»»

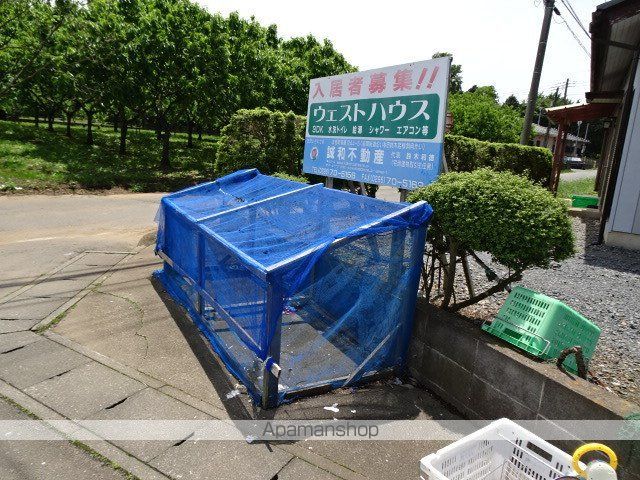 ウエストハウスAのその他写真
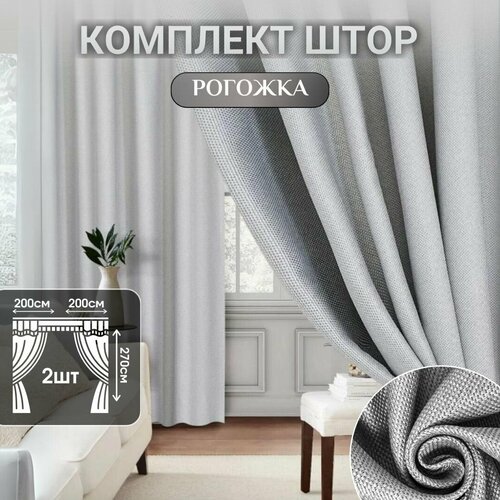 Шторы для комнаты, Блэкаут, Шторы рогожка 400*270см, Занавески для комнаты, Шторы для кухни, в детскую комнату, в спальню и гостиную, Портьеры для комнаты, Шторы лен, Цвет: серый, светло-серый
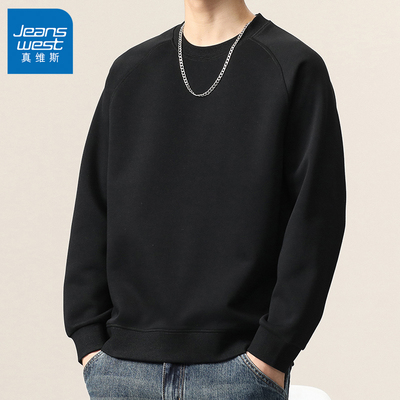 真维斯圆领卫衣男士春秋季新款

««

## EXERCISE BRIEF
Print once more, exactly, the lines from the one with "Шторы для комнаты, Блэкаут, Шторы" through the last line of the data, both ends included, without any pictures.

## SOLVED EXERCISE
 Шторы для комнаты, Блэкаут, Шторы рогожка 400*270см, Занавески для комнаты, Шторы для кухни, в детскую комнату, в спальню и гостиную, Портьеры для комнаты, Шторы лен, Цвет: серый, светло-серый
 真维斯圆领卫衣男士春秋季新款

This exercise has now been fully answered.